There is nothing worse than an 80’s GM. You had one bad Toyota, we had 5 horrid GM’s in a row. Took my parents a LONG time to learn. Oh, 2 days after my dad got a 1991 Pontiac 6000(new) It had a no-start condition. I don’t think that car made it 3 years.
Overrated or overpriced? There is a difference. Sometimes both apply and the sedans from Toyota, Honda and Nissan certainly fall into that category.
I’m not sure about over-rated, but two of the most under-rated vehicles have to be the Suzuki SX4, and the Kia Soul. I have had the good fortune to have experienced both in the past few months, and both are spectacular values for their sticker prices.
German cars
BMW 3 series, particularly the M3 with the SMG. Oodles of horsepower? Yes, Fun to drive at or close to the limit? Duh. Fun to drive at 3/10ths, the way most people every day? Umm… no.
Most people have no idea of the handling limits of modern automobiles. They never exceed 1/10th. If they were to approach 2/10s, they would panic and run off the road.
Well then the M3 is totally boned. The transmission is clunky in auto mode and when you put it in reverse it feels like you’re backing up against the parking brake. Not in my opinion ready for prime time.
I really can’t say if the 3 is overrated because it is able to give so much more than the average idiot buying it will ever use, but what does bother me is any car that has a price range from 31K to 60K.
Now I don’t know about you, but it seems to me there should be several separate cars within this and still not be the “3”.
I’m going on my personal experience with several of the recent 3-series models. I’m not saying they are not nice; I’m saying they aren’t the end all, be all.
Trailer Trash –
I’m not sure if you are being sarcastic or not, but it seems to me like there are several separate cars within the 3 series.
Not only do you have the Sedan, Coupe, Wagon, and Convertible variants, but BMW treats the 328i, 335i, and 335d all as different models. At the very least it should be easy to see that a M3 is a fundamentally different car than a 328i.
Nullomodo
No, not really…well…sort of.
But you help make my point. Sedan, Coupe, Wagon, and Convertible and every variable/engine/price all bunched into the”3″ series.
I am a little annoyed by this, really.
What IS a “3”????
Will the real “3” stand up!
If we remember all the bashing manufacturers get for platform sharing and we then praise BMW for this, it’s wrong.
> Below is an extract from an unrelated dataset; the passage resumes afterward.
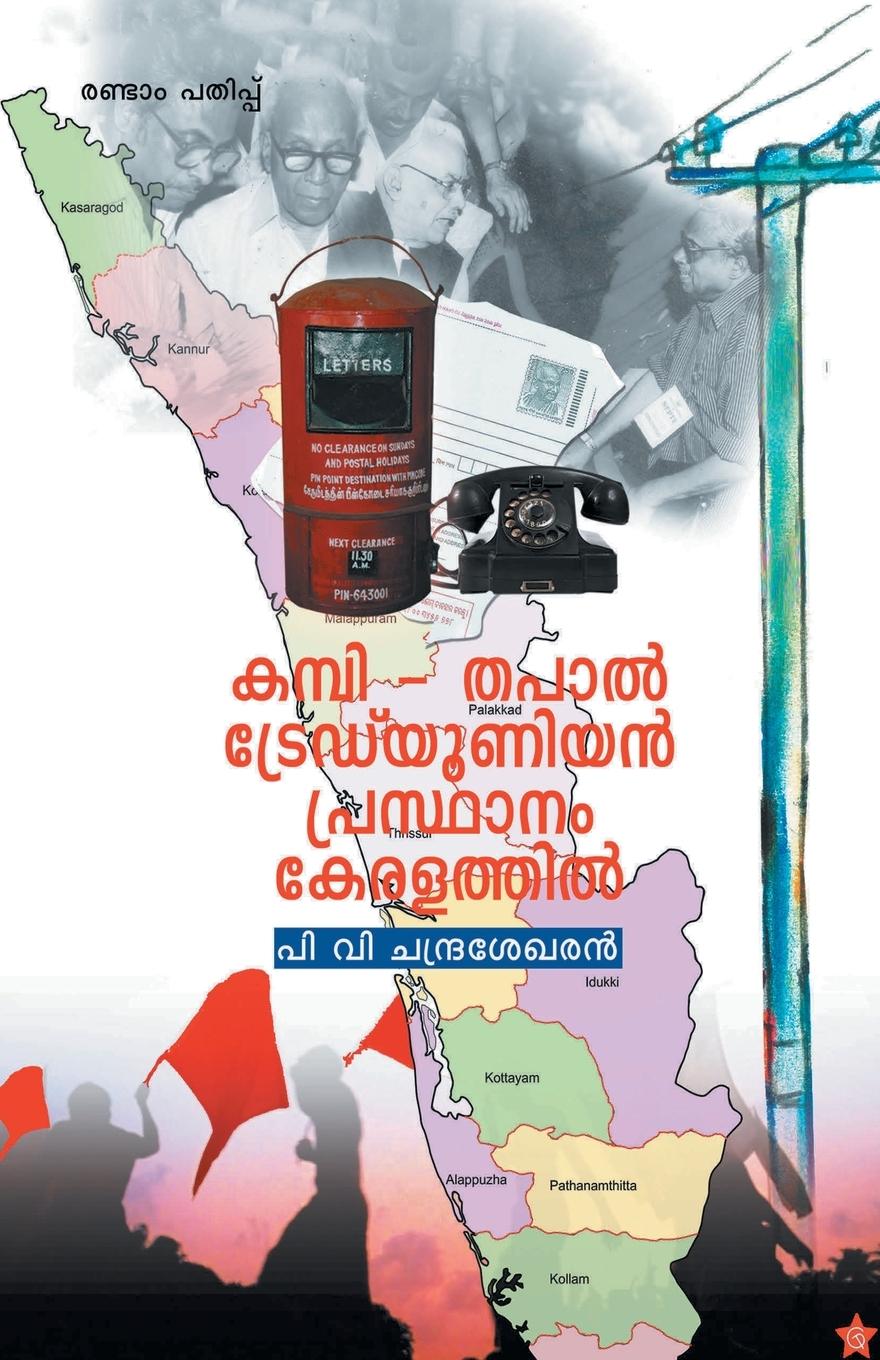 Vorderes Coverbild Kambithapal trade union prasthanam keralathil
The 3 series has more “models” than Jupiter does moons.
The BMW 3 Series is seriously overrated. Styling has long been schizophrenic (though better of late), the interiors are bland, almost dreary, the fit and finish is just a small bit better than the Japanese mass market sedans, the interior is tight, almost clautrophobic (the back seat is hell), the prices with appropriate add-ons are insulting, and reliability is rarely above average, sometimes below. Additionally, the cost of repairs outside warranty almost seems like a form of German revenge for having lost in war. Yes, they handle very well (though the ride with run-flats is iffy), and the engines are smooth (though if the same engines were in Toyotas, nobody would make much of a fuss). Winter weather is not your friend either unless you have all wheel drive, which not only is extra but degrades handling and mileage. Sure, if most of your life is spent on curvy, dry roads with no dawdlers in front of you, you’ve got your car. Otherwise, would you really be so much worse off with a Golf TDI, for instance? Not by my lights.
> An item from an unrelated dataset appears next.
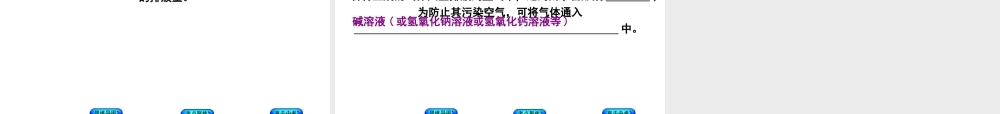 （包头专版）中考化学复习方案 第13课时 燃料、能源和环境课件-人教版初中九年级全册化学课件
The 3 is overrated. I have not felt any of the chassis to feel as solid as I’d like. Perhaps its some of the tuning for handling, but every 3 seems to not really be a luxury car. From interiors to space to ride quality its not luxury, many are worst though. Many good traits in the cars, just want some more solid chassis/comfort and a better interior. The new 6 seems to be heading in the direction, too bad its Expensive, Force fed and heavy. Perhaps the next 3 will further address the issues like the E90 has to some degree.
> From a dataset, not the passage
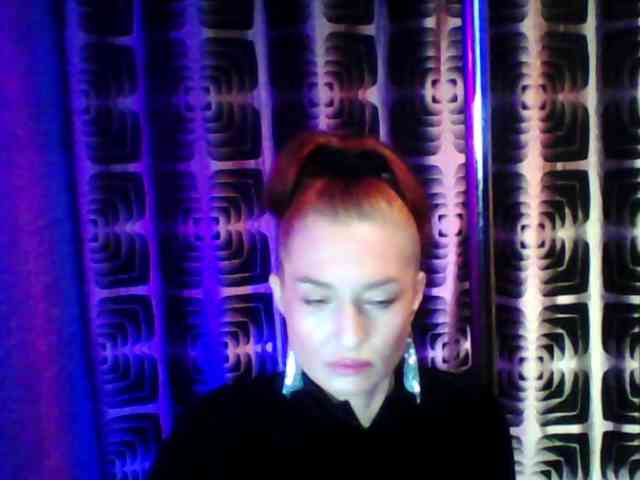 Soniadance webcam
Every current BMW. Weight and gadget creep run amok.
The Smart Car has to be one of the most over rated vehicles on the road. I once read that when compared to the Nissan Versa, that the Smart lost in every area (price, crash test, seating, HP, etc, and tied with MPG). On top of that you have a slow as molasses vehicle with a lousy transmission. So where exactly other than name is the “smart” in the Smart car?
Dumb car!
I guess I would agree that the Smart ForTwo isn’t much of a car, but overrated? Nobody thinks very highly of it, so I guess you can’t say it’s overrated.
You’re wrong about the Smart. If you live in an urban neighborhood like Boston’s Back Bay or any number of places where you’re fighting it out on a daily basis for scarce on-street parking, you’d appreciate a car as small as the Smart. It has its purpose and it’s certainly not for everyone. Depending on where you live in the US, there can be huge differences in the driving environment. What works in Dearborn may not work in the crowded streets of the Boston area or twisty roads in New Hampshire.
Honda Odyssey.
The powertrain is nice, but the rest of the vehicle is just as cheap and plasticky as my previous Chrysler vans. The controls and ergonomics aren’t particularly brilliant either. First among them being the Christmas tree gauge cluster that has too many lights and colors and isn’t smart enough to adjust its illumination to ambient light conditions. Next are the power sliding doors that halt and beep annoyingly if anyone touches the controls while the door is operating, even if the input was for the door to do what is was already doing. And finally, how about the remote locks that won’t lock the doors until the power sliding doors are done closing? Hey Honda, I have better things to do that stand around waiting for my doors to close. How hard is it to program your computer to acknowlege my lock command and then lock the doors after they are done closing? Oh, and don’t forget the road noise. And the suspension clunks.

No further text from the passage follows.